__Exercise aim__:
Skipping all pictures, print exactly the lines below from the one with "- الصورة ⁦4⁩" through the final line.
_ _ _ _
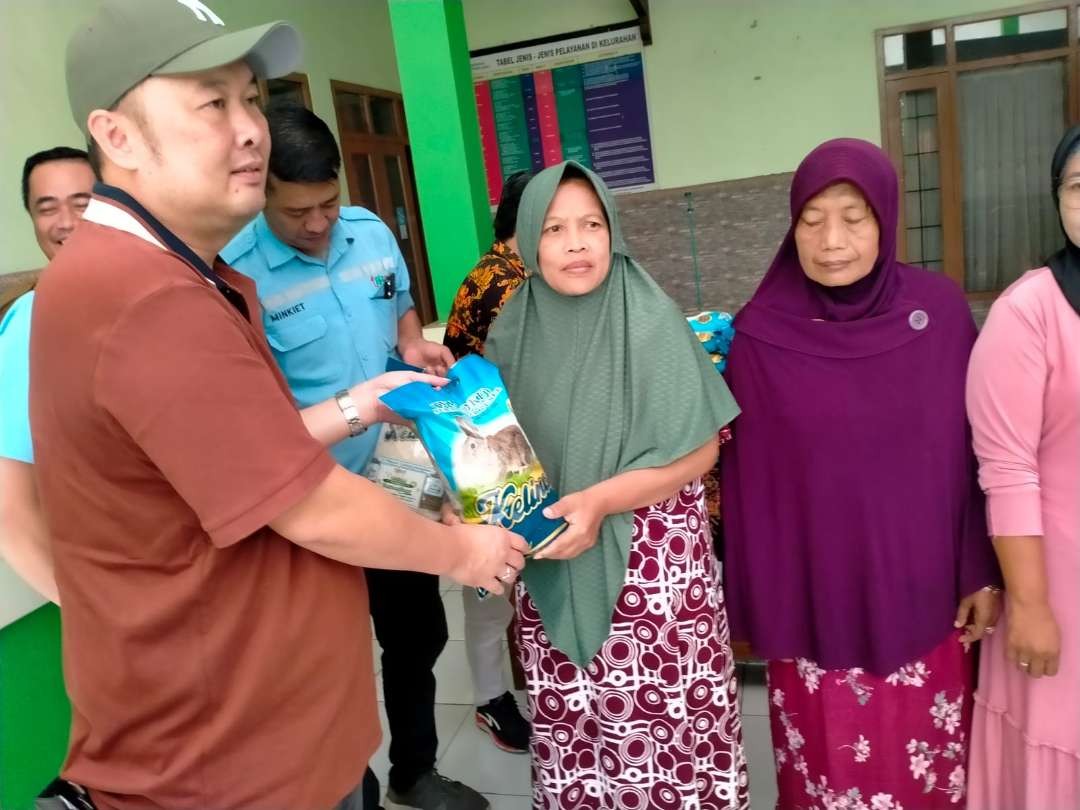 Dirut PT BJB Yuwie Santoso saat menyerahkan bantuan beras kepada warga di Kelurahan Kedungasem, Kecamatan Wonoasih, Kota Probolinggo. (Foto: Ikhsan Mahmudi/Ngopibareng.id).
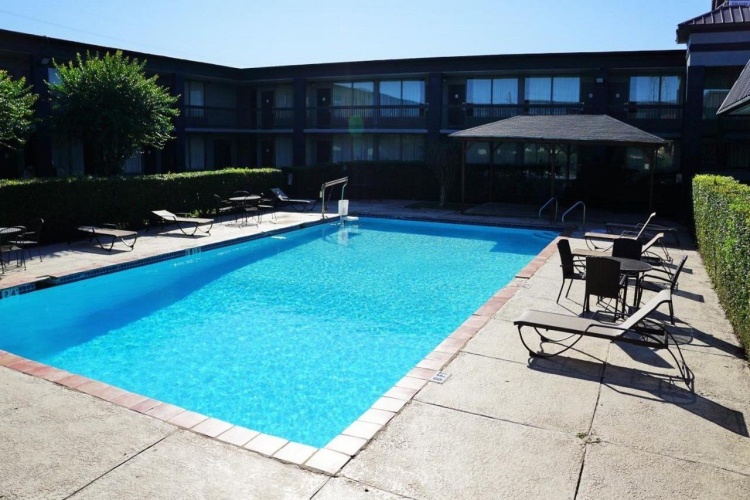 Econo Lodge photo 14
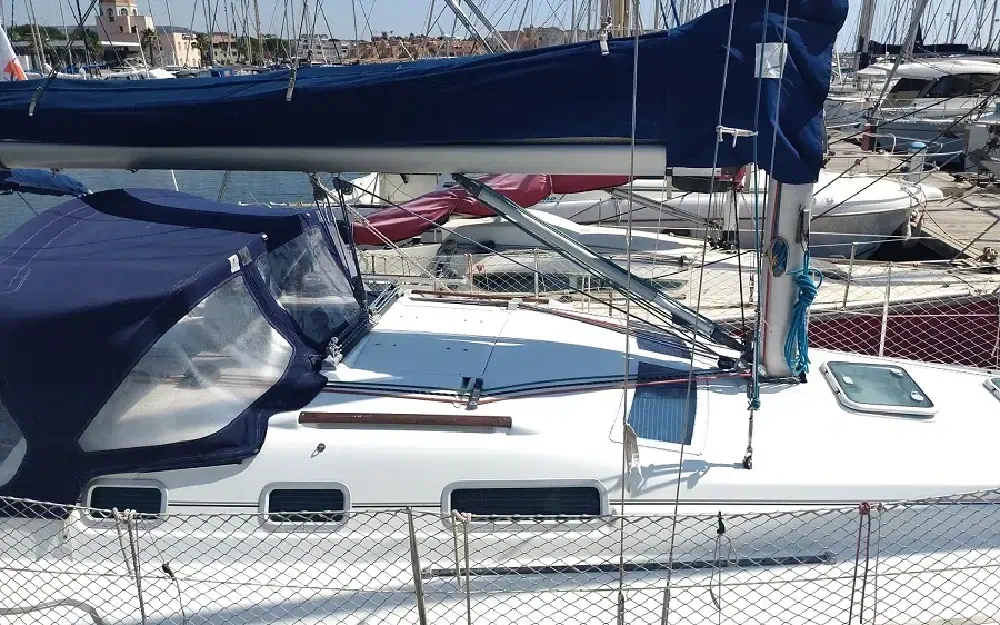 slider 5 Beneteau Oceanis 323 Clipper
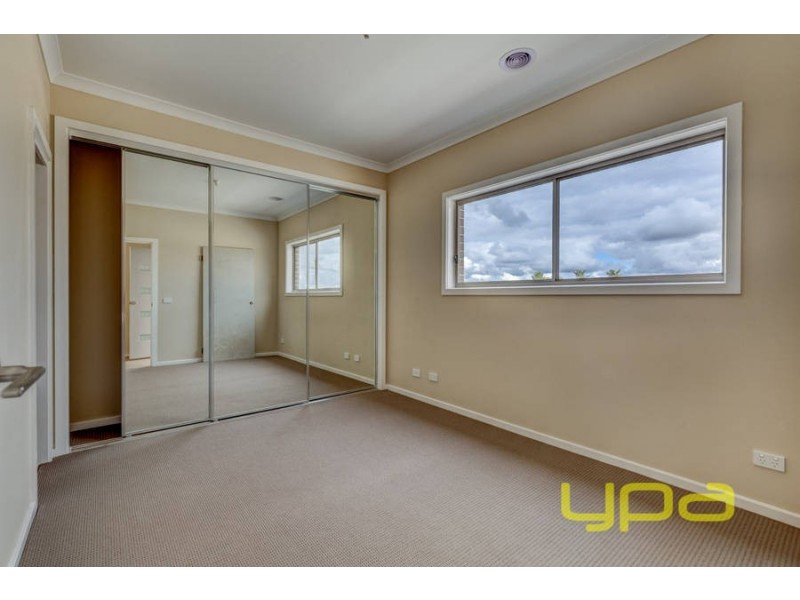 2/276 Bulmans Road, Melton West VIC 3337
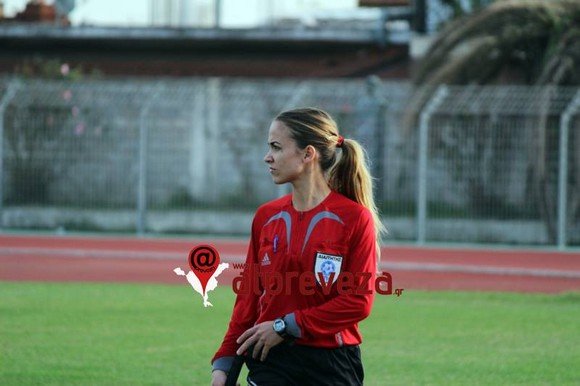 Γυναικεία... κατάληψη σε αγώνα ποδοσφαίρου [εικόνες] | iefimerida.gr 0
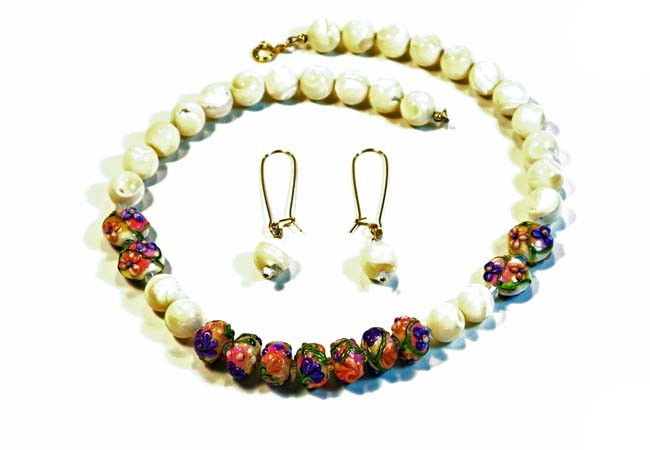 Necklace/Earrings Set: Mother of Pearl and Handmade Lampwork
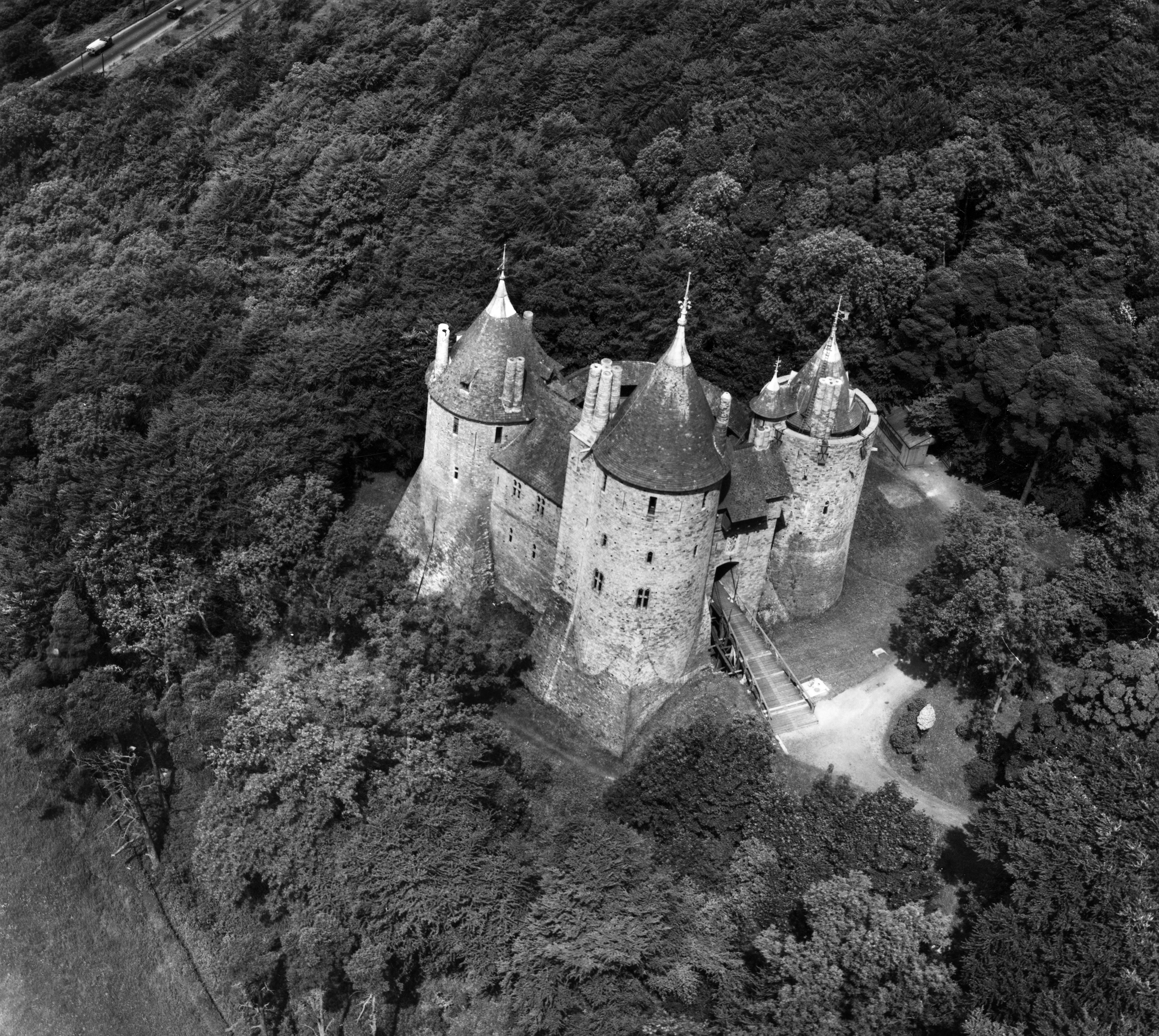 Aerial view of Castell Coch, 1947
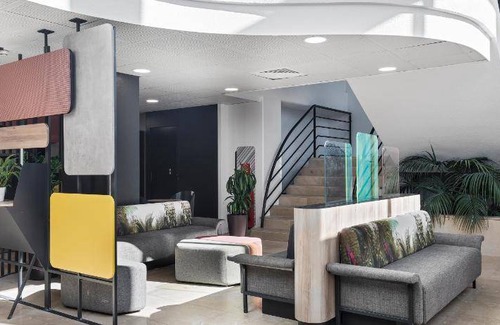 Part Dieu - Bir Hakeim Hotel | 16 m² Hotel ∙ 10 guests
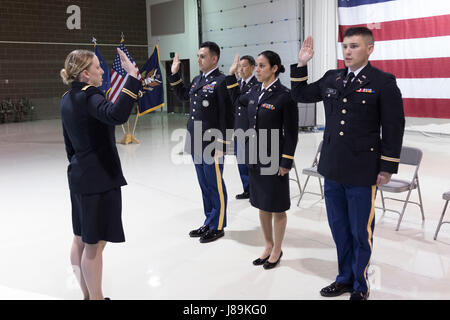 Major Barbara Coe, der taktische Offizier und Kommandant des Pre-OCS-Programms mit dem 207. Multifunktions Training Regiment verwaltet den Amtseid Officer Candidates Ivan Cuevas, Marisa Lindsay und David Notti während einer Inbetriebnahme Zeremonie in der National Guard Armory auf gemeinsamer Basis Elmendorf-Richardson, Alaska, 21. Mai 2017. Lt. Colonel Wayne Don, Kommandant des Befehls 38. Truppe war der Gastredner für die Zeremonie.    (US Army National Guard Foto von Spc. Michael Risinger) Stockfoto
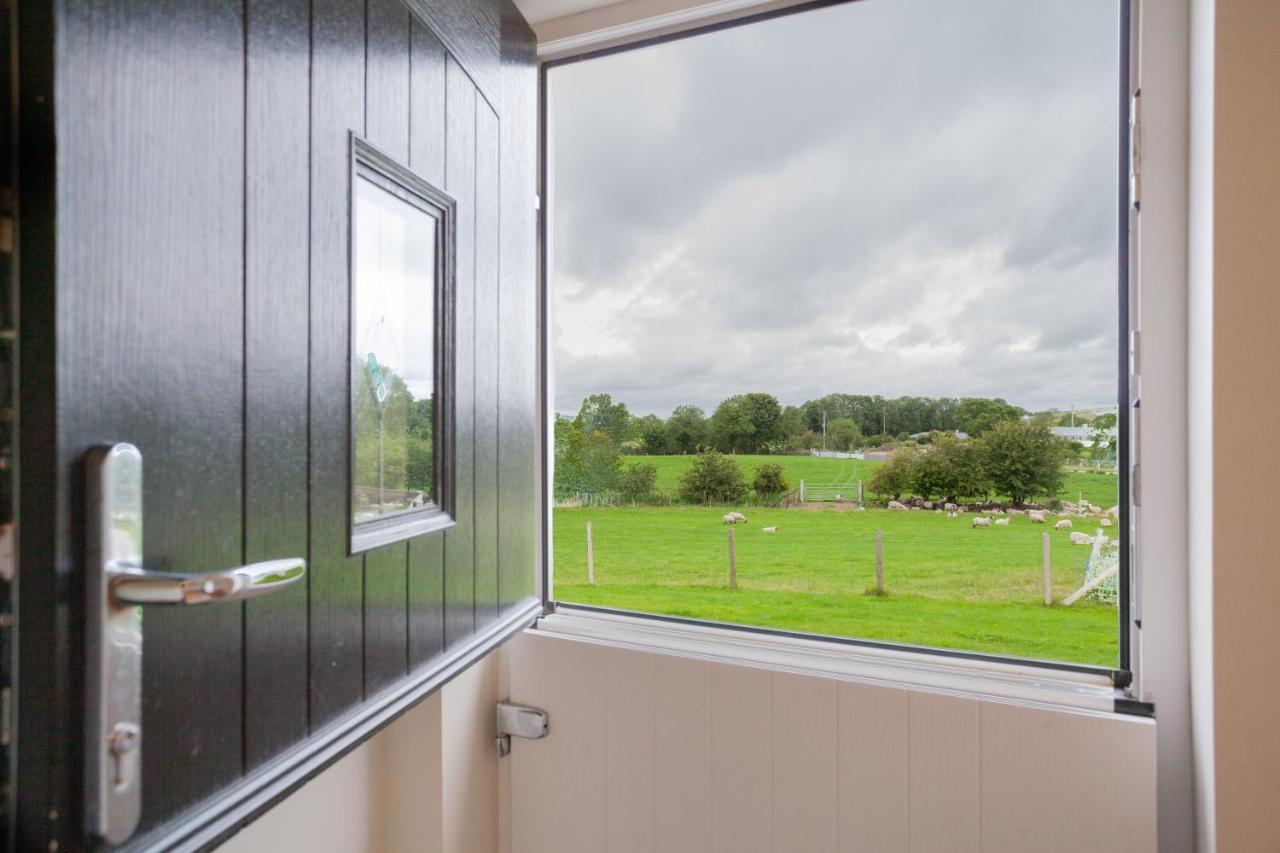 Kilcoo Beautiful Mountain Views & Private Hot Tubヴィラ エクステリア 写真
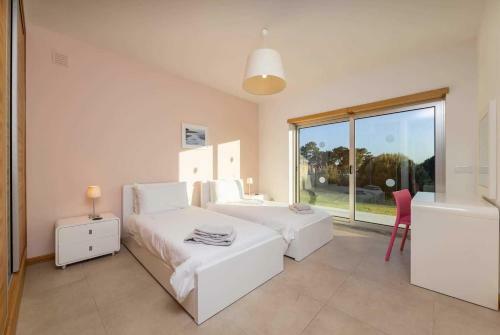Nadadouro Villa Sleeps 8 Wifi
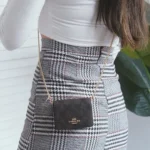 ⁦شنطة  Coach صغيرة بحزام سلسلة ذهبية سيجنتشر بني أنيق.⁩ - الصورة ⁦4⁩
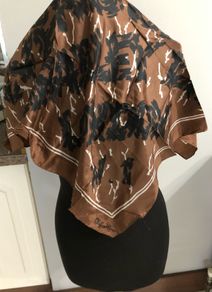 Clifford bond scarf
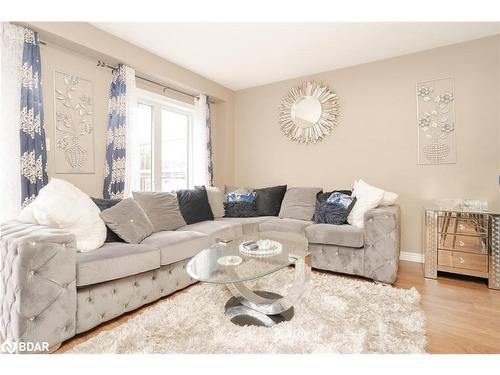 80-20 Mcconkey Crescent, Brantford, ON - Indoor Photo Showing Living Room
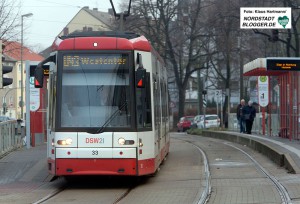 Stadtbahnlinie U 43 der DSW an der Kaiserstraße in Höhe Haltestelle Funkenburg.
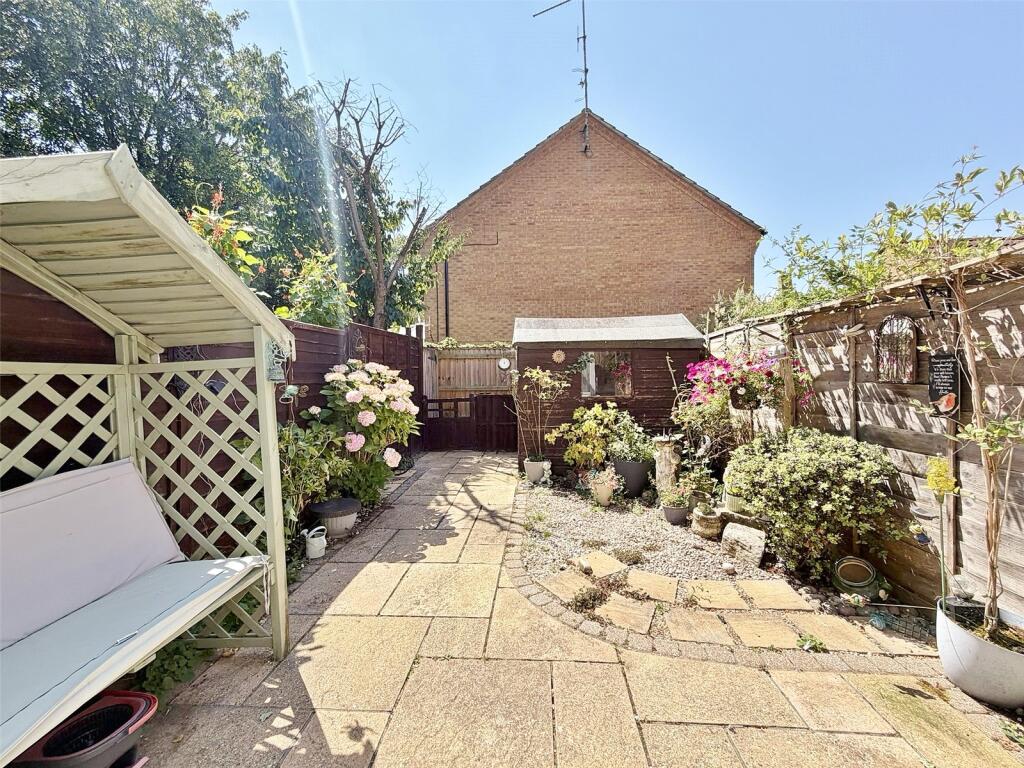 House in Verwood, Dorset - View 2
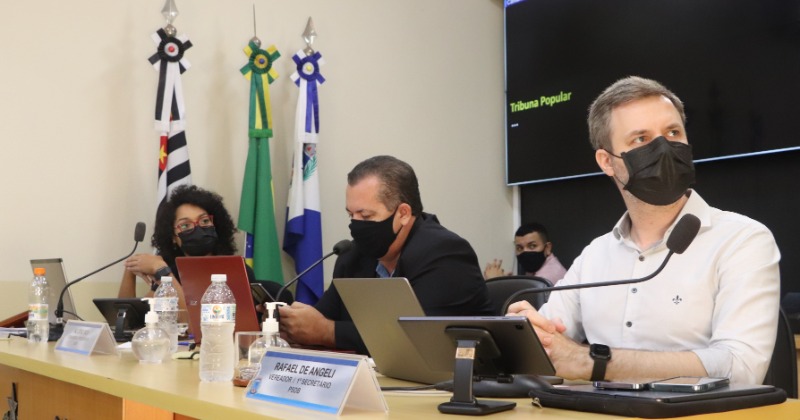 Não foi: Projeto de regularização de cemitérios tem votação adiada
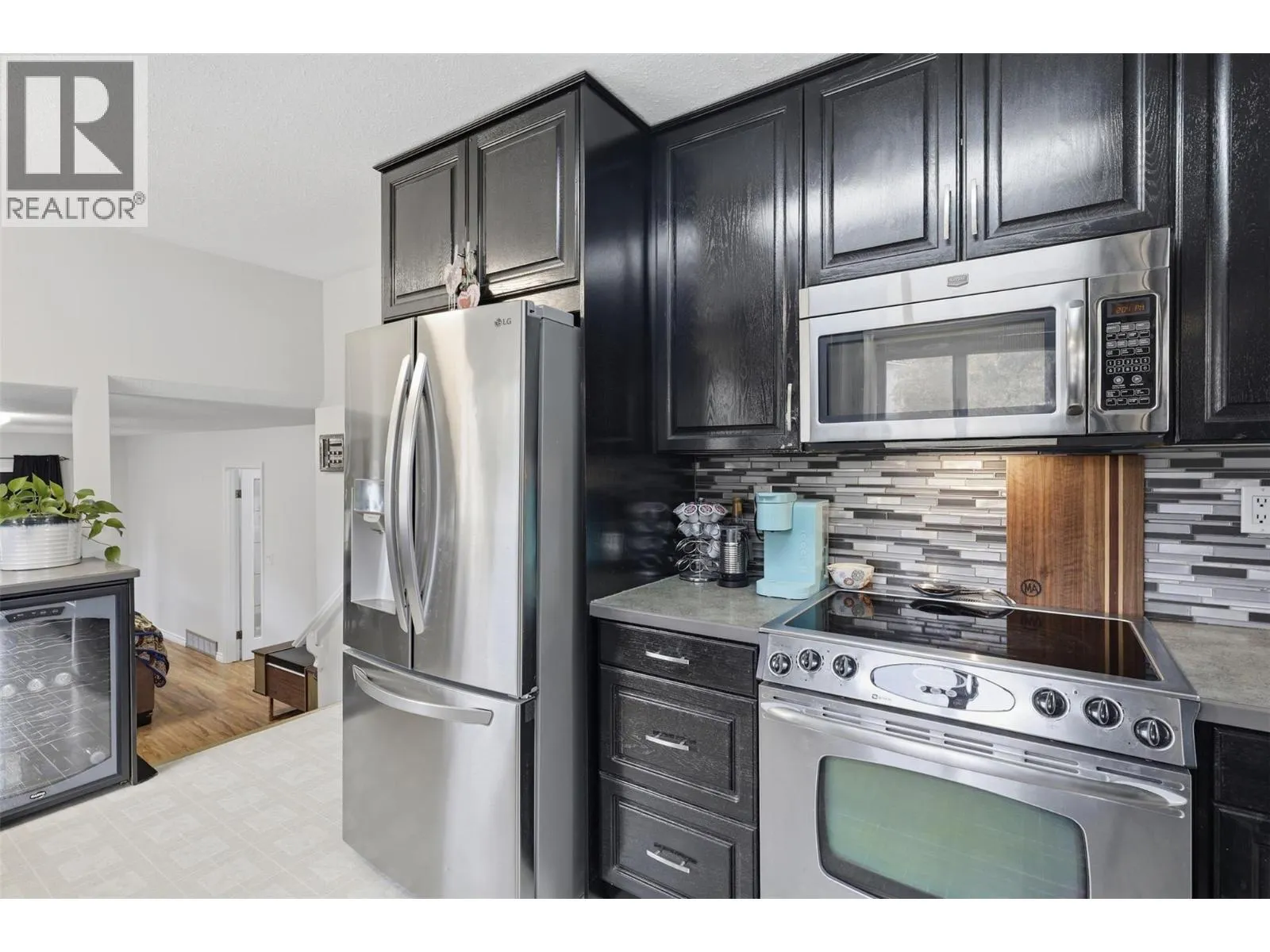 492 LAURIER Drive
_ _ _ _
__Written reply__:
 ⁦شنطة  Coach صغيرة بحزام سلسلة ذهبية سيجنتشر بني أنيق.⁩ - الصورة ⁦4⁩
 Clifford bond scarf
 80-20 Mcconkey Crescent, Brantford, ON - Indoor Photo Showing Living Room
 Stadtbahnlinie U 43 der DSW an der Kaiserstraße in Höhe Haltestelle Funkenburg.
 House in Verwood, Dorset - View 2
 Não foi: Projeto de regularização de cemitérios tem votação adiada
 492 LAURIER Drive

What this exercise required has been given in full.